The century-old iconic L.A. diner is famous for its chili, and the bean-less Texas-Style Chili is the best of the bunch.
If Barney’s Beanery never existed, where would Janis Joplin have taken her last drink? Where would Quentin Tarantino have written his most celebrated film, Pulp Fiction? Where would Peter Falk’s character have eaten chili, his favorite meal, in the 1970s TV show Columbo?
The nearly 100-year-old famous Los Angeles chili chain became a Hollywood hotspot almost instantly after it opened its doors in 1920. Through the 20s, 30s and 40s Clara Bow, John Barrymore, Errol Flynn, Bette Davis, and Clark Gable were all regulars. In the 50s, 60s and 70s, Lou Costello, Donald O’Connor, Dennis Hopper, and the Doors could often be seen sitting at the bar. On some nights, Jim Morrison would be standing on top of it. In the 80s, the Brat Pack–Emilio Esteves, Rob Lowe, Charlie Sheen, John Cusack, and Demi Moore–threw parties there and huddled around the pinball machine.
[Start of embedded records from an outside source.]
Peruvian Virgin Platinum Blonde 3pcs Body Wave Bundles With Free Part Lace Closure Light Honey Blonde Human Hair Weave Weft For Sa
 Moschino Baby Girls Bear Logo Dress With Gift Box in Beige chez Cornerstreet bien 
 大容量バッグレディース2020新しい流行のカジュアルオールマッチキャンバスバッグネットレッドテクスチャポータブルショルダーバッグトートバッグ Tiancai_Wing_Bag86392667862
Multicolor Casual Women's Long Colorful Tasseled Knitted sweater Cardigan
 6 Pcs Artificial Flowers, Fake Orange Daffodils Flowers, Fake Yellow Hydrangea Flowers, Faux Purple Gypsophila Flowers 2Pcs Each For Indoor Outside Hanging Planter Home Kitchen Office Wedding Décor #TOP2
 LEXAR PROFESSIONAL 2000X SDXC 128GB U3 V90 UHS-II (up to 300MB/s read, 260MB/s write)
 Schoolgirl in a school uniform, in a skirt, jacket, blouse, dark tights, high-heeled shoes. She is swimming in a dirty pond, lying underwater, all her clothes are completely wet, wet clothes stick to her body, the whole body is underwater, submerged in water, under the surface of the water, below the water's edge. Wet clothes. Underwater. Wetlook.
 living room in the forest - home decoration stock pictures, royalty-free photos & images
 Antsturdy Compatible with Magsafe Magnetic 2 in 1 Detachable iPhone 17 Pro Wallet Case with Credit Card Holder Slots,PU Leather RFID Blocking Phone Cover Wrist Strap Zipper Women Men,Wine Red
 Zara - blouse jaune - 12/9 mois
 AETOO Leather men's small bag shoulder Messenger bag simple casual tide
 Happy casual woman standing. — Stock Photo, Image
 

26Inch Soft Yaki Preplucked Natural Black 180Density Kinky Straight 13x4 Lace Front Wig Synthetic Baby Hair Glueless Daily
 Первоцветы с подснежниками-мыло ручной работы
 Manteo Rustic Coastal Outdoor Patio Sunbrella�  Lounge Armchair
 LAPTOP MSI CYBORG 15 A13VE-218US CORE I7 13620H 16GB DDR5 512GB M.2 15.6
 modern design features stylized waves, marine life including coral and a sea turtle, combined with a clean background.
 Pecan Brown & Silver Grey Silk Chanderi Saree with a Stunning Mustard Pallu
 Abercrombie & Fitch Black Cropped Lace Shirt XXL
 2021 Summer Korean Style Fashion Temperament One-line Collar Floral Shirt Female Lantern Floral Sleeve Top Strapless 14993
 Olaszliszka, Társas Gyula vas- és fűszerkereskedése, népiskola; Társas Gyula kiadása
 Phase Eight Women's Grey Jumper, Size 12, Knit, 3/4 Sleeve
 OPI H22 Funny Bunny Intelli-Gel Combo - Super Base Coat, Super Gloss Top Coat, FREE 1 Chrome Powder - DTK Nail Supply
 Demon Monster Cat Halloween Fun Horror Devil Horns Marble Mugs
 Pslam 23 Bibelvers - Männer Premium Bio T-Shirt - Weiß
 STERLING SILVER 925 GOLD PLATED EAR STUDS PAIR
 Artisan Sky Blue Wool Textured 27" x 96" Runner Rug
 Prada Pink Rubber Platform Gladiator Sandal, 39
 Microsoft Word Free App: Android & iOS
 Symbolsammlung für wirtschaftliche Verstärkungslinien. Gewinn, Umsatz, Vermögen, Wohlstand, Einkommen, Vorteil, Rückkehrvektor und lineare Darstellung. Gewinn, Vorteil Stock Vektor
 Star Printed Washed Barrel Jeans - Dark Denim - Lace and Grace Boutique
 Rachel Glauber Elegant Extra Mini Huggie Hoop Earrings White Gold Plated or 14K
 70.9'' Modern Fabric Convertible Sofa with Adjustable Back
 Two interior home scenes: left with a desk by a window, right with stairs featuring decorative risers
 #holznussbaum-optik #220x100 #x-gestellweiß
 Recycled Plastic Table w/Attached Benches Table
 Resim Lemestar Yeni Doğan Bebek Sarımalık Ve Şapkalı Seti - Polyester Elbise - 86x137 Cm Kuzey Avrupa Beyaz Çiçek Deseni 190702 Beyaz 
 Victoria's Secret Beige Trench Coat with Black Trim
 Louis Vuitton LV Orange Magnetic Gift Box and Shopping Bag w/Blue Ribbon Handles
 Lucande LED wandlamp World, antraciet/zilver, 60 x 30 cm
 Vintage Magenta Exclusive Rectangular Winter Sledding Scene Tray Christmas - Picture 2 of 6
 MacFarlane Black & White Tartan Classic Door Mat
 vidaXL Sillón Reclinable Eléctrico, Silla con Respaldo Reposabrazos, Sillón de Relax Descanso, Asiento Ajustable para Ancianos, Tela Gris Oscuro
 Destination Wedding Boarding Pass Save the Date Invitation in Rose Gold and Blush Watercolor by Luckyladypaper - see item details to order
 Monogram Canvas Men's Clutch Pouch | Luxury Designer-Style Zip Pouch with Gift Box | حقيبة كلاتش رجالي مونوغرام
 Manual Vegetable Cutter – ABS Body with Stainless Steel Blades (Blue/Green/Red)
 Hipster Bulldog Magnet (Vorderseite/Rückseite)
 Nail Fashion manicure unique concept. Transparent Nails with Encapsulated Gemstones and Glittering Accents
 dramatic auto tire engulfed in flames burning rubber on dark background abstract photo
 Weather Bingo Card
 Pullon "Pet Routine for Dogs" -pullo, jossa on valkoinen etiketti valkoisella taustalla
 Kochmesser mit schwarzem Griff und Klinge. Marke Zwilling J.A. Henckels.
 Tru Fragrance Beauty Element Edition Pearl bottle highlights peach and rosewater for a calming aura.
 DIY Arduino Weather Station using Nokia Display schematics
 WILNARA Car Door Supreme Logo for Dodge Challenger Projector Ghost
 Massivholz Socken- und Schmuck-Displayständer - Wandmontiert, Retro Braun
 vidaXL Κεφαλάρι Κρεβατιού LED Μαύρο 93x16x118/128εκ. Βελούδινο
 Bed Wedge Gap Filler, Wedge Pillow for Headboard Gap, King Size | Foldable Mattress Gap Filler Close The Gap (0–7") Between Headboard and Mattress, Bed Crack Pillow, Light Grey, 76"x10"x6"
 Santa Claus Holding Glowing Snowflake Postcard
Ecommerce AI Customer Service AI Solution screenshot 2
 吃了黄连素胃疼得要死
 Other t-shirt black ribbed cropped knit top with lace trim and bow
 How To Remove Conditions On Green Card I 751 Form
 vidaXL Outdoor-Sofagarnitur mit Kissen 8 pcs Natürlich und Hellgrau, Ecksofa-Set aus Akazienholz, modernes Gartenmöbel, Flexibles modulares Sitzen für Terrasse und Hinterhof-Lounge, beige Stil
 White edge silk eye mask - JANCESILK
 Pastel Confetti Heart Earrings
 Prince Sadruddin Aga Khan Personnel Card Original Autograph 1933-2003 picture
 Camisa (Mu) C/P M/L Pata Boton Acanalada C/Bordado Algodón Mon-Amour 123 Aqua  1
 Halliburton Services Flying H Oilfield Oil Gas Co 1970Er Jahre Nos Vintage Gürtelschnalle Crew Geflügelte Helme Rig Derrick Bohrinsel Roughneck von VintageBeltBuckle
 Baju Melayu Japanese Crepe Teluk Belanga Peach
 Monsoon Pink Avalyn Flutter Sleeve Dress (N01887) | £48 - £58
Over many decades musicians, artists, actors, and performers helped establish the small chili joint as a big part of Hollywood history. With license plates and hubcaps adorning the walls, pool tables and pinball machines scattered throughout, and a motorcycle built into a booth, Barney’s Beanery was never considered an upscale joint. And that is its charm. Celebrity elites didn’t go there to be treated like celebrities. They came for the casual hang, to blend in with not-so-famous regulars. And, of course, they came for the great chili.
Chili is what Barney’s is most known for, and they have several to choose from on the menu, including the original classic chili from 1920 and delicious turkey chili. But for true chili fanatics, you just can’t beat the bean-less Texas-Style Chili which is a nearly perfect chili con carne. If you’re a fan of traditional Southern Texas chili, characterized by its lack of beans and tomato sauce, this is the hack for you. The chunks of chuck are fall-apart tender, and the flavor is something special, created by a variety of chilies, fresh and dry.
After studying dozens of classic chili con carne recipes and the recipes from winners of chili cook-offs from all over the country, I had my own cook-off. Over several weeks I cooked chili in many different ways to determine which ingredients are most likely used in the original. I can’t say exactly when Barney’s Texas-Style chili recipe was first created, but a few branded ingredients that have been available for more than 100 years worked very well in this hack.
Before I talk about those secret ingredients, let’s talk chilies.
We’ll use three types of whole chile peppers, each one contributing a different flavor profile to the pot. The fresh Anaheim peppers added later will provide a mild, sweet flavor and a slight pepperiness.
Right now we’ll work on these dried chilies.
You’ll need dried guajillo and ancho peppers. An ounce of each will do. Guajillo peppers are one of my favorites for chili because they add a slightly smoky, sweet heat that’s great in the pot. Ancho peppers are also good here because of their medium heat, and a fruitiness that might make you think of raisins or sun dried tomatoes.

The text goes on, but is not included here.